You’re really thinking of Fiza not Helen.

It was true. The night before, all through dinner, then Uno Attack and supervising the bedtime routine, Tara kept hearing her neighbour’s words—it means you see the truth. What truth?

She couldn’t shift the question, so when everyone was finally in bed and she had some time to herself, she’d googled Sudan. According to Wikipedia, it was in north-eastern Africa, bordered by Egypt, Libya, Chad, the Central African Republic, Ethiopia, Eritrea, the Red Sea and South Sudan. That was news to her. She’d thought South Sudan was just a geographical reference. She’d never even heard of the Central African Republic, and the little she knew about Eritrea and Ethiopia she’d learned years ago from watching a horrifying World Vision documentary about starving children.

She’d scrolled past the prehistoric information and read about the Egyptian then British rule in Sudan and how they’d administered the north and south separately. How the north was predominantly Muslim and the south Christian and Animist, and how the country had been ravaged by drought, floods and civil war, and the enormous numbers of displaced persons in and outside the country.

She’d just started reading that the legal system in Sudan was based on Islamic Sharia law when Clemmie wandered out, rubbing her eyes and wanting a glass of water and a cuddle. This was a nightly occurrence since Jon’s diagnosis and Tara was on alert for other signs of stress in the children. By the time she’d resettled Clemmie, it was late and she’d tumbled exhausted into bed.

Now, standing in front of the deserted cottage, she was struck by its air of ennui. ‘Has Helen moved?’ she asked one of the Hazara women she recognised from the morning tea weeks earlier.

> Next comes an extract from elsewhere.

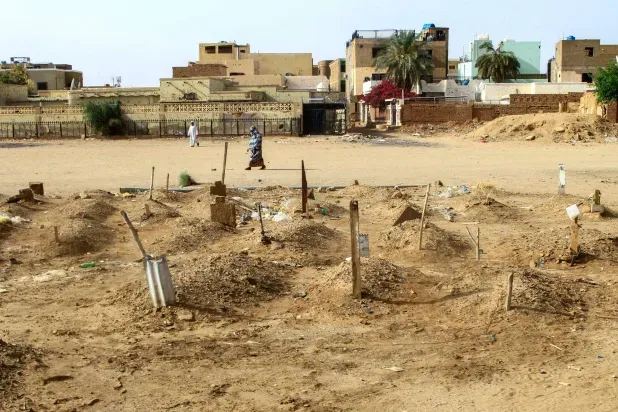 مقتل 25 شخصاً بقصف لمركبات مدنية في السودان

‘She lives with Jade now.’

Tara momentarily considered leaving the plants with the women. They certainly knew how to grow things—their beds were lush with herbs and vegetables. But for reasons she didn’t fully wish to acknowledge, she wanted to give the plants directly to Helen.

As soon as she walked through the decorative gates of the community garden, Judith rushed over.

‘Tara! You poor girl! Ian told me. And the children are so young. What a tragic thing to happen to you all. I can’t imagine …’

Tara stiffened in the woman’s unwelcome embrace. As word trickled out around town about Jon’s Parkinson’s, people’s reactions to the news seemed to fall into one of two camps. They either completely ignored it or were overly dramatic with cloying sympathy. She got a sudden flash of Fiza’s proud face. Pity is useless.